# Bluetooth Microphone problems Alpine CDE-HD149BT



## qwank (Aug 4, 2013)

I've had my radio for about 8 months now. When I first installed it back in October everything worked great, for two months. It then sat over the winter and when I drove the car again in March the Microphone stopped working. Voice calling doesn't work and when I get a call the caller can't hear me.

The bluetooth works great otherwise. It always auto connects, Bluetooth audio works flawlessly, it's just the mic issues. I've tried two other phones and the same thing. I replaced the mic late last night and it was working fine with the new one when I tested it in the driveway. This morning the issue came back.
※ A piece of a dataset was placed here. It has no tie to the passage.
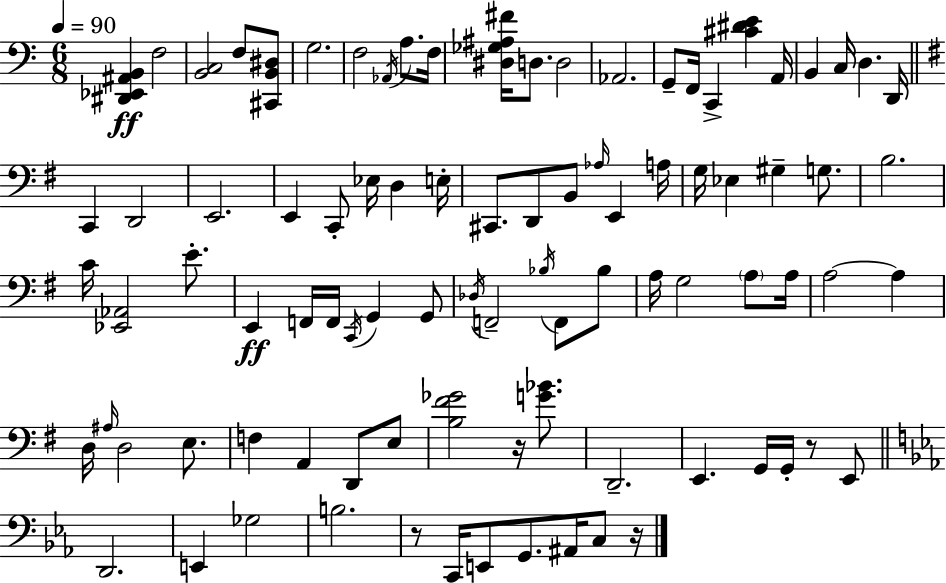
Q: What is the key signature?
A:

The only thing I can think of is the Mic port has a bad connection or there's an issue with the radio itself. Does anyone know if there's a firmware update? any other ideas? 

Thanks,


----------



## The Car Audio Chronicles (May 1, 2015)

qwank said:


> I've had my radio for about 8 months now. When I first installed it back in October everything worked great, for two months. It then sat over the winter and when I drove the car again in March the Microphone stopped working. Voice calling doesn't work and when I get a call the caller can't hear me.
> 
> The bluetooth works great otherwise. It always auto connects, Bluetooth audio works flawlessly, it's just the mic issues. I've tried two other phones and the same thing. I replaced the mic late last night and it was working fine with the new one when I tested it in the driveway. This morning the issue came back.
> 
> ...


Have you tried duplicating the problem with a different phone to eliminate your phone as the problem?


----------



## qwank (Aug 4, 2013)

Yes, I tried two other phones


----------



## The Car Audio Chronicles (May 1, 2015)

qwank said:


> Yes, I tried two other phones


Looks like the only thing left to do is swap out the head unit. If you buy another one from a brick and mortar retailer with a good return policy you can at least use their radio to troubleshoot for a couple of days. 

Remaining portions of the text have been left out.